**Image-caption web data**
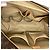 Borsa Louis Vuitton M47270 Deauville Monogramma - vista 5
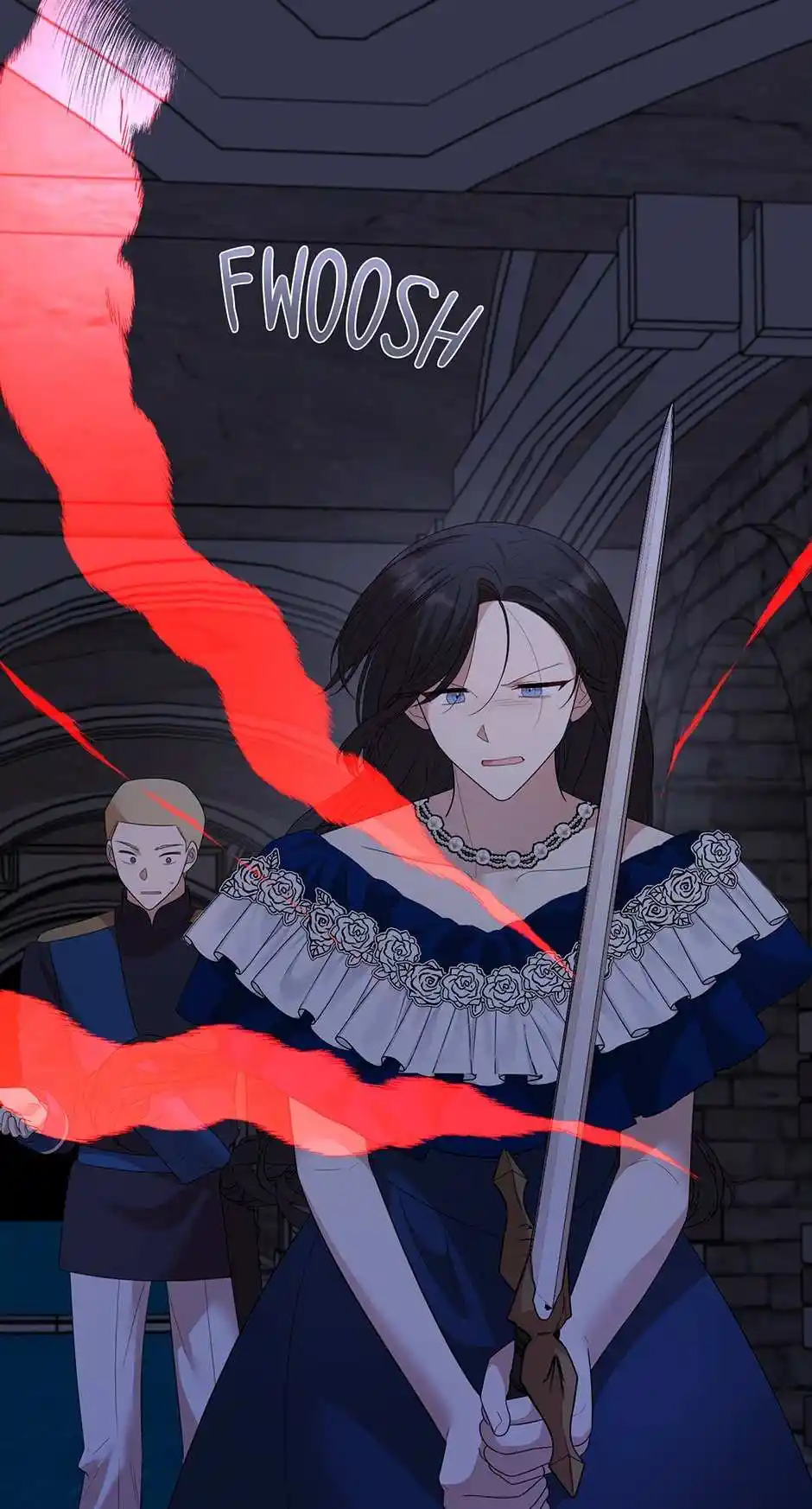 The Princess’ Dangerous Brothers Chapter 60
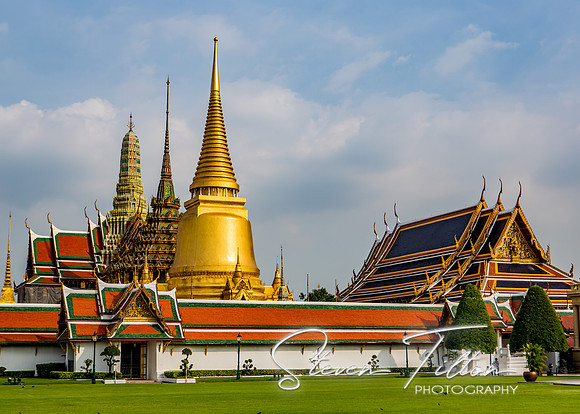 The Royal Palace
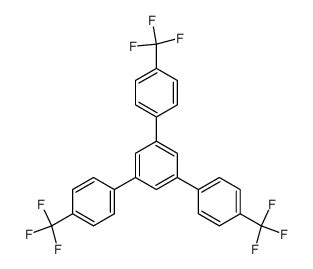 CAS 753014 99 2 1 3 5 Tris 4 Trifluoromethyl Phenyl Benzene Chemsrc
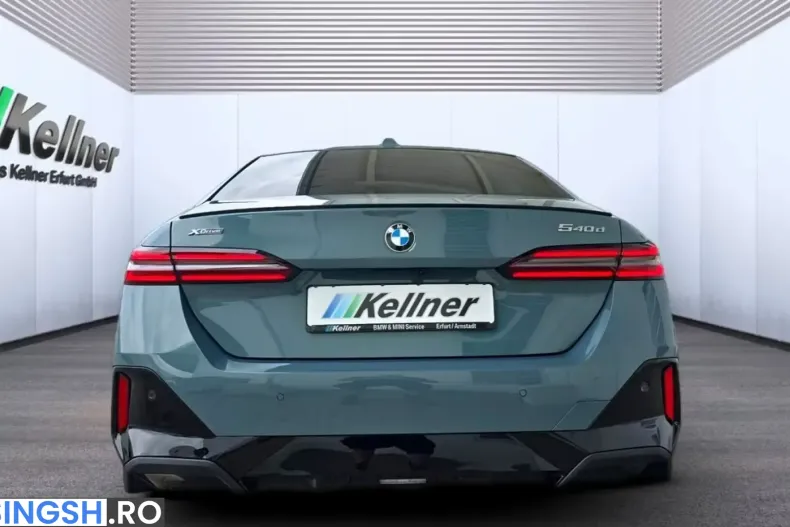 BMW 540 (Seria 5) din 2025 cu 9.224 km - oferta BMW236966 - foto 5
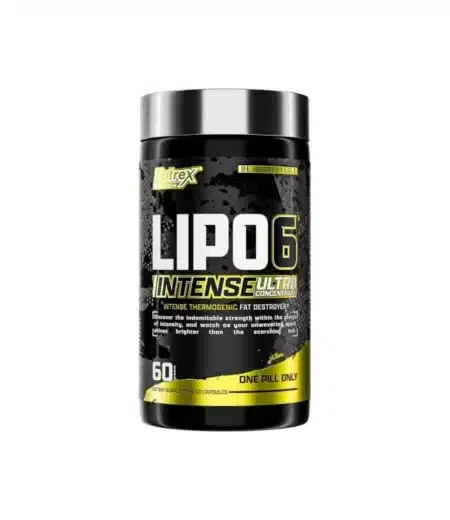 Naturex Research Lipo 6 Intense Ultra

**Your instructions**
An exact copy is needed of the lines running from the one with "The Royal Palace" through the end of the data above, and of those lines only, without pictures.

**Final answer**
 The Royal Palace
 CAS 753014 99 2 1 3 5 Tris 4 Trifluoromethyl Phenyl Benzene Chemsrc
 BMW 540 (Seria 5) din 2025 cu 9.224 km - oferta BMW236966 - foto 5
 Naturex Research Lipo 6 Intense Ultra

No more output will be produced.